-- Data for analysis follows --
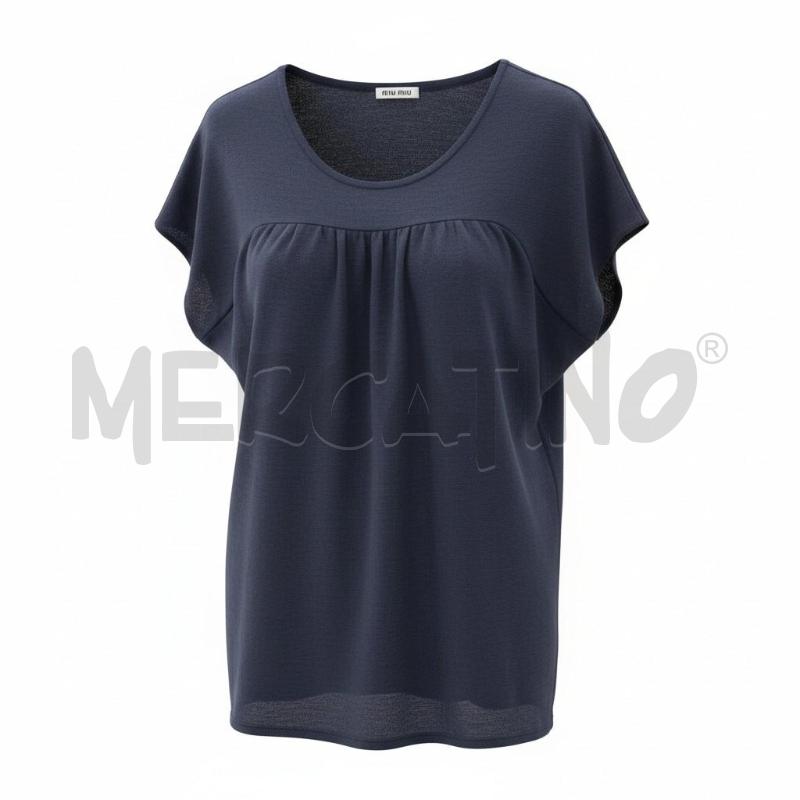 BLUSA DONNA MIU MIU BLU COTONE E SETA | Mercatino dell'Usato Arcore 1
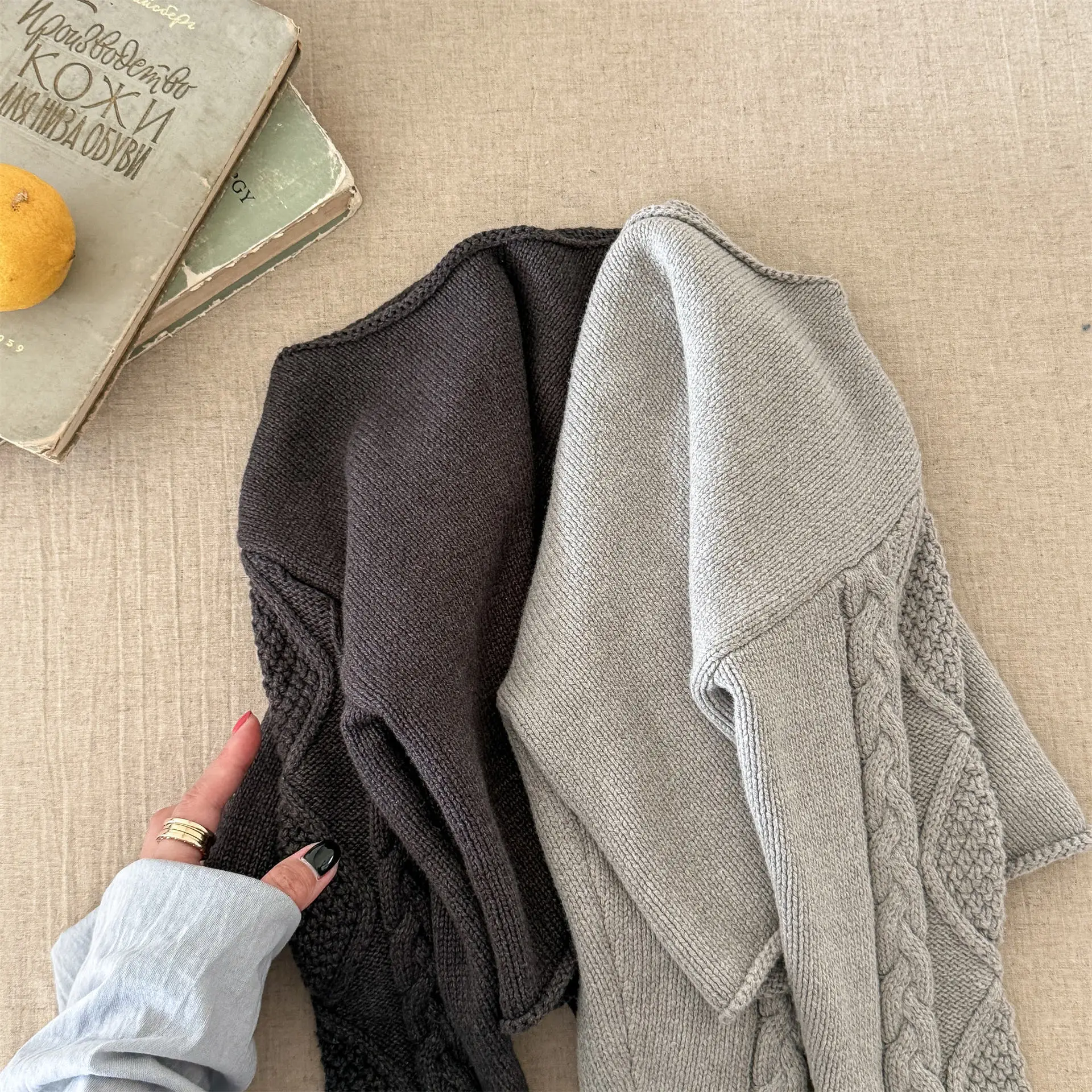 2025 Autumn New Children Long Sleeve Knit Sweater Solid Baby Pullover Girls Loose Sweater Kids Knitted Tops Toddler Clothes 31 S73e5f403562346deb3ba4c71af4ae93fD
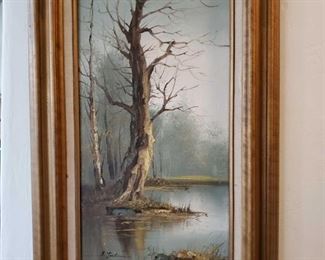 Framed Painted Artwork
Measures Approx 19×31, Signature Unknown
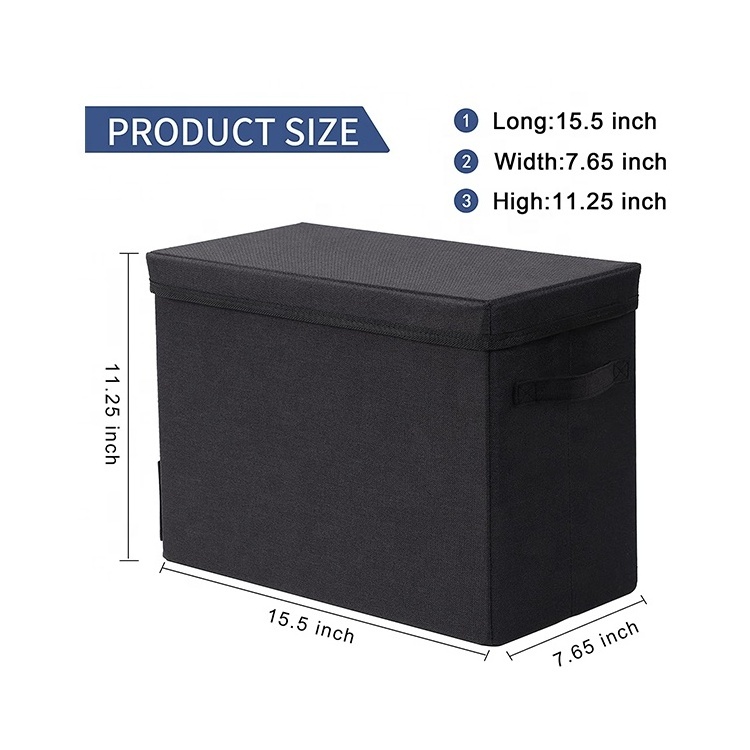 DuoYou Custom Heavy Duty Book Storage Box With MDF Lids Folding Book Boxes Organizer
-- Data for analysis concluded --
### Work instruction
Restate the data above word for word. Skip every picture.

### Answer section
 BLUSA DONNA MIU MIU BLU COTONE E SETA | Mercatino dell'Usato Arcore 1
 2025 Autumn New Children Long Sleeve Knit Sweater Solid Baby Pullover Girls Loose Sweater Kids Knitted Tops Toddler Clothes 31 S73e5f403562346deb3ba4c71af4ae93fD
 Framed Painted Artwork
Measures Approx 19×31, Signature Unknown
 DuoYou Custom Heavy Duty Book Storage Box With MDF Lids Folding Book Boxes Organizer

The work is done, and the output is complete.